About this exercise
Word for word, copy the line that contains "Предварительный просмотр 6" and each line after it in the data below. Pictures stay out of the copy.
──────── Entries provided ────────
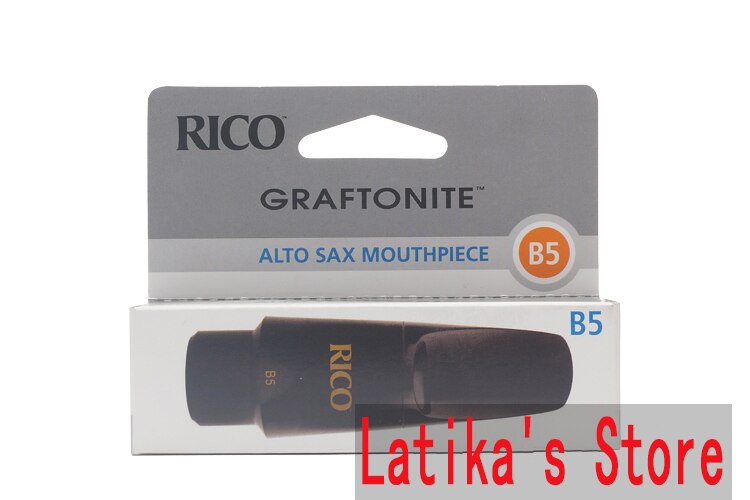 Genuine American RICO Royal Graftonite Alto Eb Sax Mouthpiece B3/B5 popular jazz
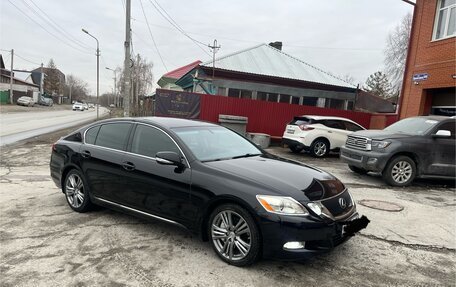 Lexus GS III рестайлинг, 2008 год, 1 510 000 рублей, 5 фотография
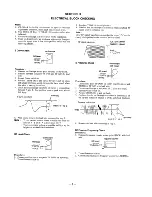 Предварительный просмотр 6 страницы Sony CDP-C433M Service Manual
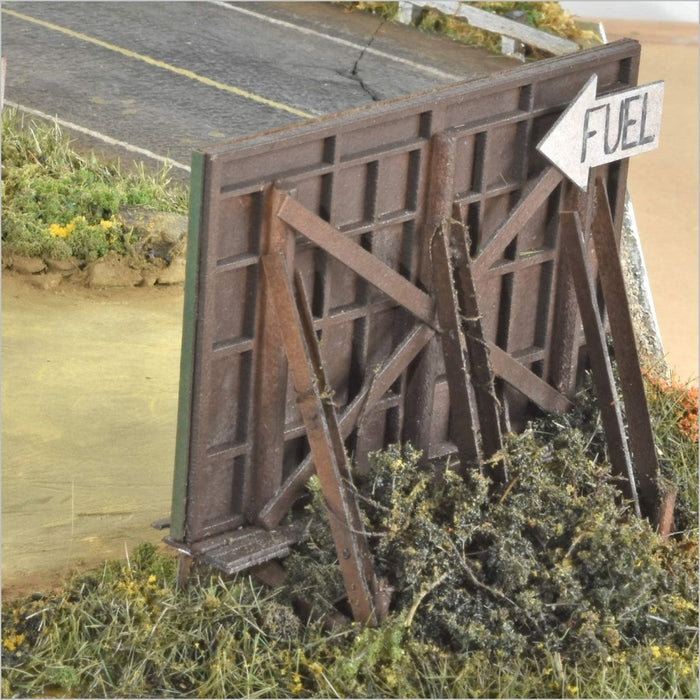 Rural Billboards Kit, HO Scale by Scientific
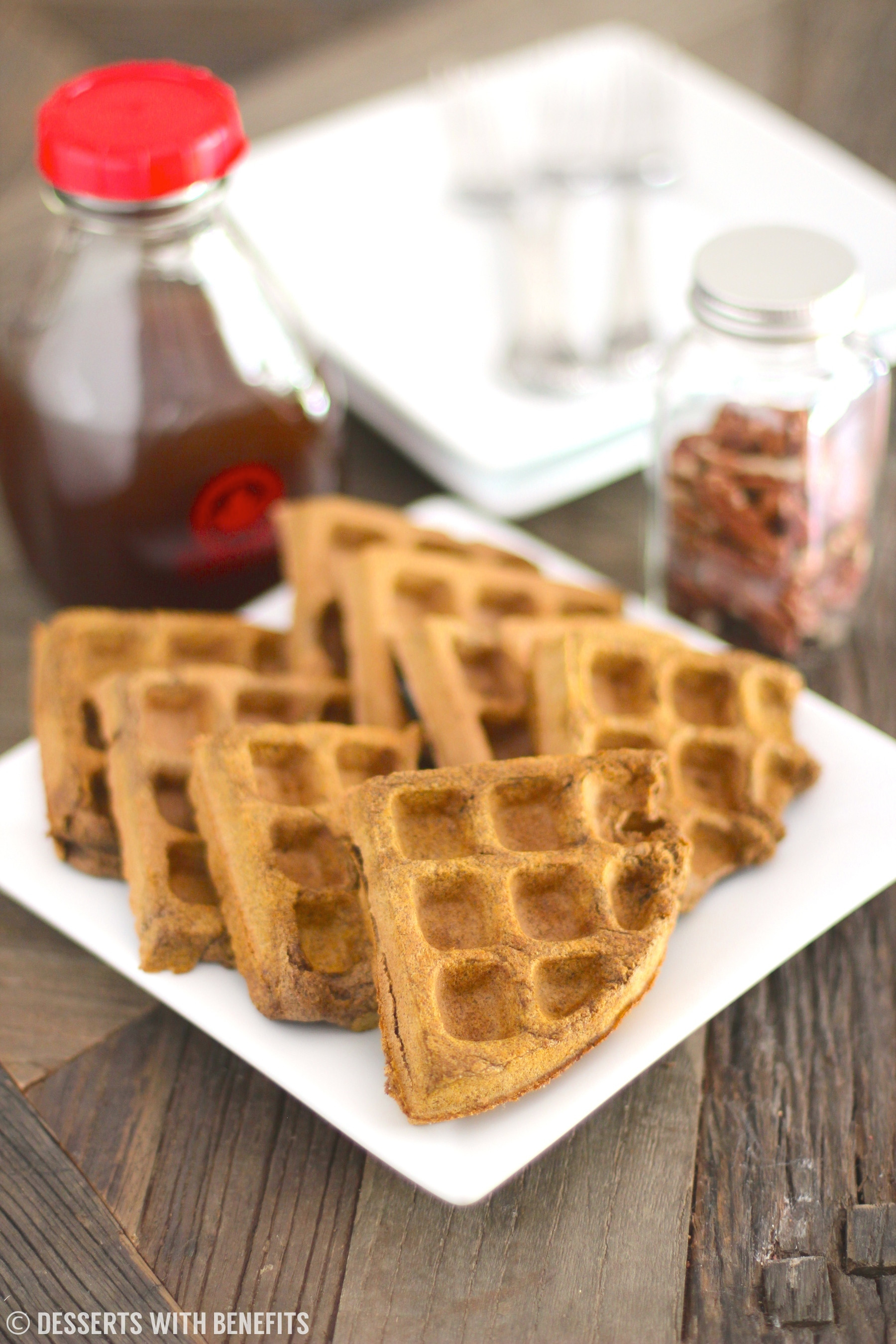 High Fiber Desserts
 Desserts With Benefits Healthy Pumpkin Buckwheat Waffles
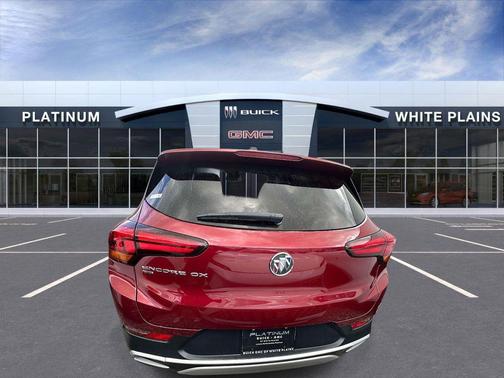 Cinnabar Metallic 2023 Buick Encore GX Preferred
────────
Answer to this exercise
 Предварительный просмотр 6 страницы Sony CDP-C433M Service Manual
 Rural Billboards Kit, HO Scale by Scientific
 High Fiber Desserts
 Desserts With Benefits Healthy Pumpkin Buckwheat Waffles
 Cinnabar Metallic 2023 Buick Encore GX Preferred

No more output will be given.